While the discussion was lively, I think Loren himself made the most important point, "You have given us an excellent account of Job I."

Friday, April 06, 2007

A Blog Against Theocracy (and Aristocracy)

I am told that this is the time to blog against theocracy. So here goes.

Perhaps it's a problem of definition. I'm not altogether sure there has ever been a theocracy that based is governance solely on the tenants of a religious tradition. But there certainly have been and are governments that rely on religions traditions to justify their continued authority and as a major source for laws and regulations. And every one I've heard of has been repressive. These days, Islamic theocrats provide ample illustration of my point. But even in recent history, Christian theocrats have killed at wholesale and justified it in the name of their god. Islam and Christianity are not the only religious that have given birth to theocrats. They are currently the most obvious examples.

But for the United States, I see the problem of potential theocracy somewhat differently than some do. Our current problem is not the very real potential for theocracy but our very present aristocracy. Like many before it, this aristocracy uses religion in a cynical effort to sustain its power and justify its secular position. This is not to say that there are no "people of faith" in leadership positions in our government. There surely are. But the driving force is not religious belief. The driving force is the need to maintain and increase the influence of a rather small elite group at the expense of everyone else. That elite group is our home grown wealth-based aristocracy. As a matter of political necessity, these aristocrats have brought into their fold a group of conservative intellectuals and people of faith who share some of their aristocratic ideas.

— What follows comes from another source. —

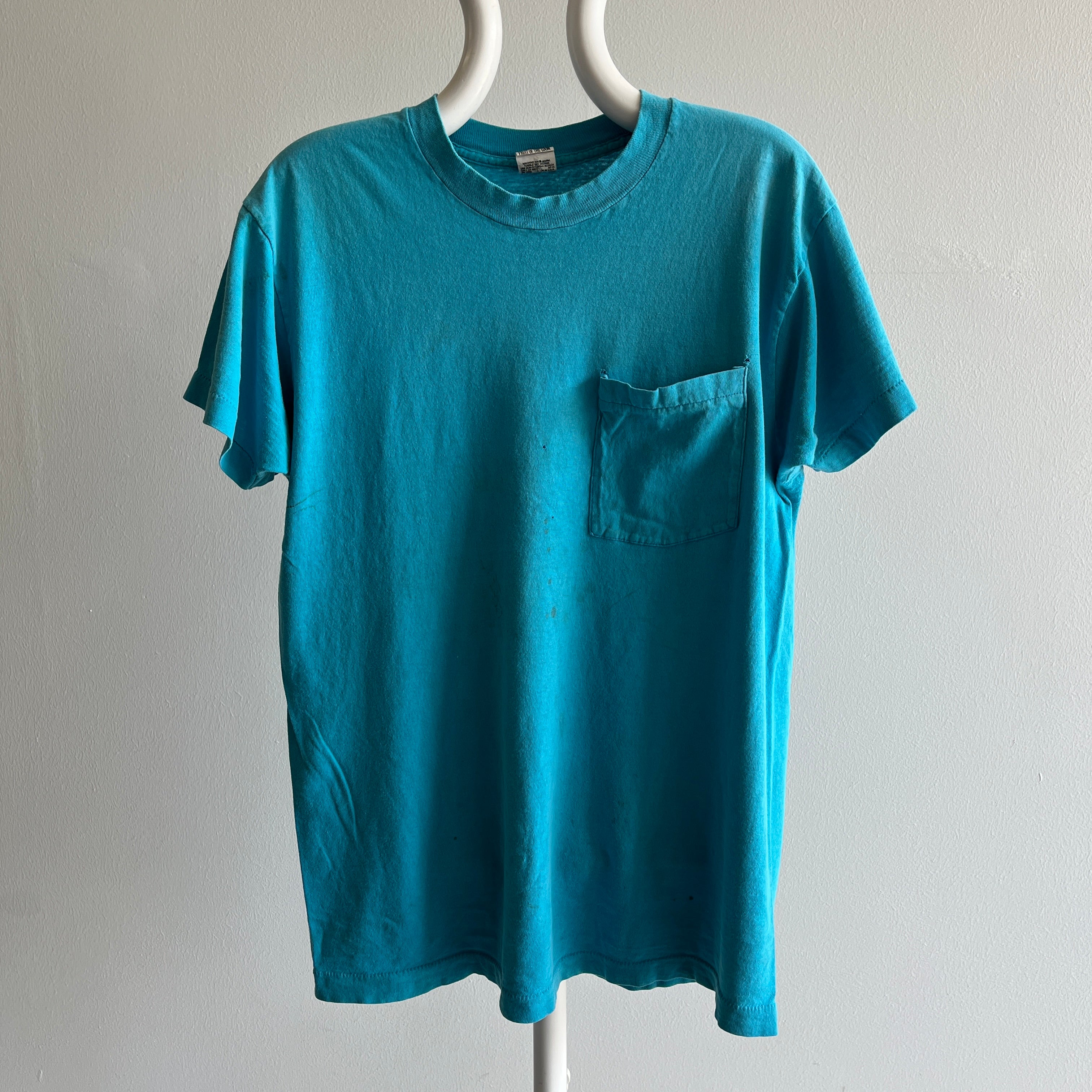 1980s Soft Beat Up Stained and Delightful FOTL Blank Teal Pocket T-Shirt - THIS IS GREAT!!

So what has this to do with theocracy? People who hold theocratic aspirations have increased their power in the United States by using the aristocracy just as the aristocracy has used them. It is a relationship of mutual utility. I see signs that that relationship is falling apart but many dangers persist.

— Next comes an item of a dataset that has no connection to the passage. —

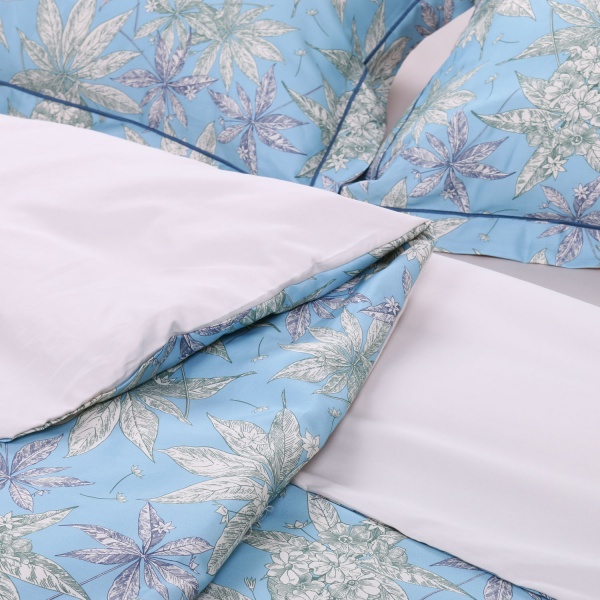 Комплект постельного белья Mirandela семейный бежевый с голубым Lameirinho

Several things need to become common currency before the risks of both aristocracy and theocracy are nullified.

First, large numbers of people must come to see every truth as a probability rather than an absolute certainty. This is not to imply that there are no facts of the matter with regard to this topic or that. It is only to say that nothing can be known with the certainty that is often associated with religious belief or as is often demanded by the aristocracy.

Second, without evidence that is subject to public scrutiny no group can claim special knowledge. Theocrats and aristocrats have always claimed some kind of special knowledge.

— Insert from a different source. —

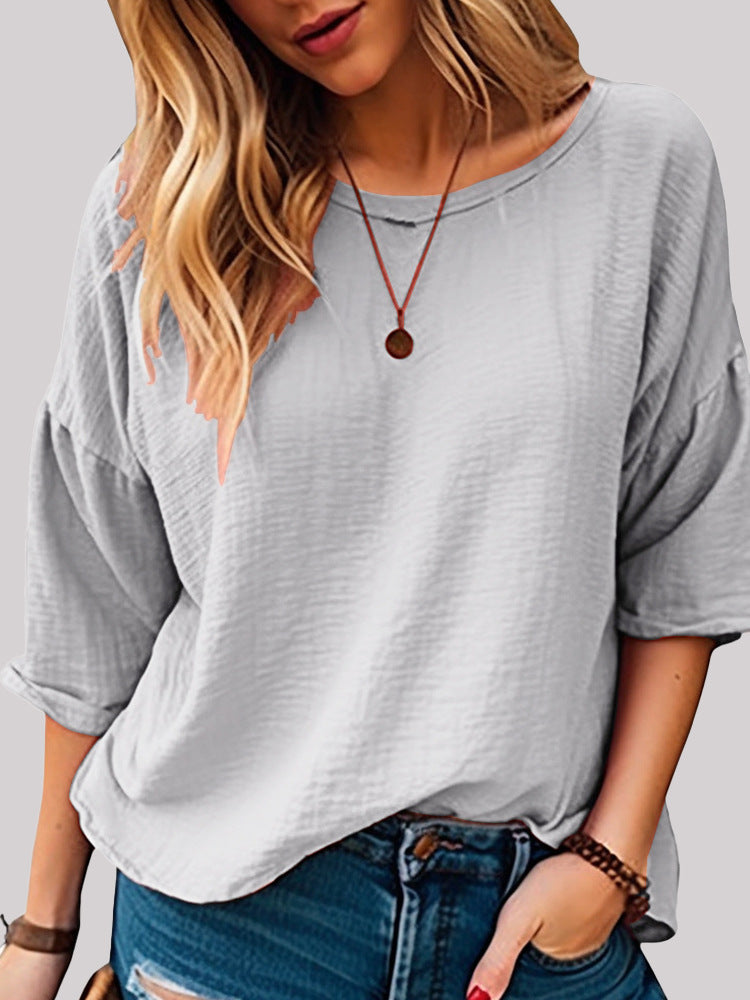 Dame afslappet longsleeve overdel med minimalistisk struktur og løs pasform Stilla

Third, everyone should be far more interested in the why and what of any belief than the belief itself. All beliefs should welcome for rigorous study. The claims of theocrats and aristocrats seldom do.

At the end of the day, we must all become indifferent to the unsupported beliefs of others. As I've said, this is not an issue of tolerance; it is an issue of indifference. This quote from Mark Twain that I have often used before makes my point,

So much blood has been shed by the Church because of an omission from the Gospel: "Ye shall be indifferent as to what your neighbor's religion is." Not merely tolerant of it, but indifferent to it. Divinity is claimed for many religions; but no religion is great enough or divine enough to add that new law to its code. [apud Paine, Mark Twain: a Biography]
I would paraphrase and say, "No aristocracy is great enough or powerful enough to say, 'Ye shall be indifferent to your neighbor's power or wealth'." Sure, the aristocrat is indifferent to weakness or poverty but he needs for the weak and the impoverished to be very concerned that he maintains his status and to believe that it is in best interest of the weak and impoverished that he does.

I want to thank Blue Gal for suggesting that we blog against theocracy and giving me an excuse for this little rant. I hope she doesn't mind that I expanded her idea to include aristocracy.